The recommended pattern is to run a *separate* tiny monitoring path
that doesn't depend on `qu` — even a single `curl` health check on
each node's :9901 (which is TLS-only; you'll see a handshake succeed
even if the daemon's stuck) catches process death.
To produce structured metrics, write a sidecar that parses `qu status`
output and exports counters.

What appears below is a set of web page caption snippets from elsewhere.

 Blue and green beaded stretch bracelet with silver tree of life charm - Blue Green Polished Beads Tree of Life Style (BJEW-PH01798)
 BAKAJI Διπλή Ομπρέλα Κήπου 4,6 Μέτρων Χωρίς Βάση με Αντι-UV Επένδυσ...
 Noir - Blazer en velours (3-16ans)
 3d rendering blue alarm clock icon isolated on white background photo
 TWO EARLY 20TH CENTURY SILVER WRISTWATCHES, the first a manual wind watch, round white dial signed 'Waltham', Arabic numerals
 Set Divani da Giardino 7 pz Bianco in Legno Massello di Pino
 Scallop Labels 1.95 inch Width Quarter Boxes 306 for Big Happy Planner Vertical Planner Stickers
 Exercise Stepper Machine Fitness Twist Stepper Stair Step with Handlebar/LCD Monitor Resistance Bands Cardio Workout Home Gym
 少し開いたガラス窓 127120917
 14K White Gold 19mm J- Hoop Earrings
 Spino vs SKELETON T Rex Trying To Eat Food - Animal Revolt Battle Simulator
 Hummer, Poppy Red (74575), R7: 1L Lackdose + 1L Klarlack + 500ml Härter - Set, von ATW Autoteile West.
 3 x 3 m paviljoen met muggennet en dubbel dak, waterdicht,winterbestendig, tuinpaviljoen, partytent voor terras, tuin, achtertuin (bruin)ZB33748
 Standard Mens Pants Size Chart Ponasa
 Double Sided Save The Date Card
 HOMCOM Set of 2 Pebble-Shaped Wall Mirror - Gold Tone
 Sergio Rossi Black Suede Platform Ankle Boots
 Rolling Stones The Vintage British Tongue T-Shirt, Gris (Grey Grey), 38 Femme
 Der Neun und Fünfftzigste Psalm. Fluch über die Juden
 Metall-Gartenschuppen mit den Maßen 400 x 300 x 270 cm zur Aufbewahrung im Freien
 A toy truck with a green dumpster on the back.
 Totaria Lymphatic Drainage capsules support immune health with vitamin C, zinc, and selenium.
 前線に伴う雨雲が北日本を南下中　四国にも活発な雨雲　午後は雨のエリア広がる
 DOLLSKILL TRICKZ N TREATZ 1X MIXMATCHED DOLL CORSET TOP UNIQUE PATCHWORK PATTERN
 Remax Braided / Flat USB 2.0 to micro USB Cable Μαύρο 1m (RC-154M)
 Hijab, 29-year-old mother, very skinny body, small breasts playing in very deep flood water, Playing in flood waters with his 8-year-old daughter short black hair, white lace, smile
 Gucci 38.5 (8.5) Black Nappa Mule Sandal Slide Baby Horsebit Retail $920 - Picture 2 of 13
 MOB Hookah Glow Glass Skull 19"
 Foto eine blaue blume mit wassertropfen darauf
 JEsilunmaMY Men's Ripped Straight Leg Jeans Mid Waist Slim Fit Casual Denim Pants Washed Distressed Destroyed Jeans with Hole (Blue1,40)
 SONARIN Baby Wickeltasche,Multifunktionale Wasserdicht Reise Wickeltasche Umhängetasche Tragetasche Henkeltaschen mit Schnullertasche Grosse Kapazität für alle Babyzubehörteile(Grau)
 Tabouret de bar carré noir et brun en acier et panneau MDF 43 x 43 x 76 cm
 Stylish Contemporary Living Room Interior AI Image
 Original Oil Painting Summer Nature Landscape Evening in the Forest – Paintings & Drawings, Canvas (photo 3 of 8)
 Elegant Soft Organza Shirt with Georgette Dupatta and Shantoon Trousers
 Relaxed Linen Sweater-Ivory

The CLI emits stable, machine-grep-able
output specifically so this is straightforward.
## Operational checklist before you go to bed
After standing up a new cluster, work through:
- [ ] All nodes show `quorum true` in `qu status`.
- [ ] All nodes show identical `config ver`.
- [ ] All nodes show the same `master`.
- [ ] `journalctl -u quptime --since "10 min ago"` has no
`propose to master:` or `replicate: pull from:` errors.
- [ ] `qu alert test <name>` reaches your inbox / Discord channel for
every configured alert.
- [ ] At least one check has an intentional failure (a bogus target)
that you flip back and forth to verify the full state-transition
→ dispatch path end-to-end.
- [ ] Backups of `node.yaml` + `keys/` + `cluster.yaml` are landing in
your backup destination.
- [ ] Firewall allow-list (if any) lists every peer's IP.
- [ ] You've stored the cluster secret somewhere that survives the
first operator leaving.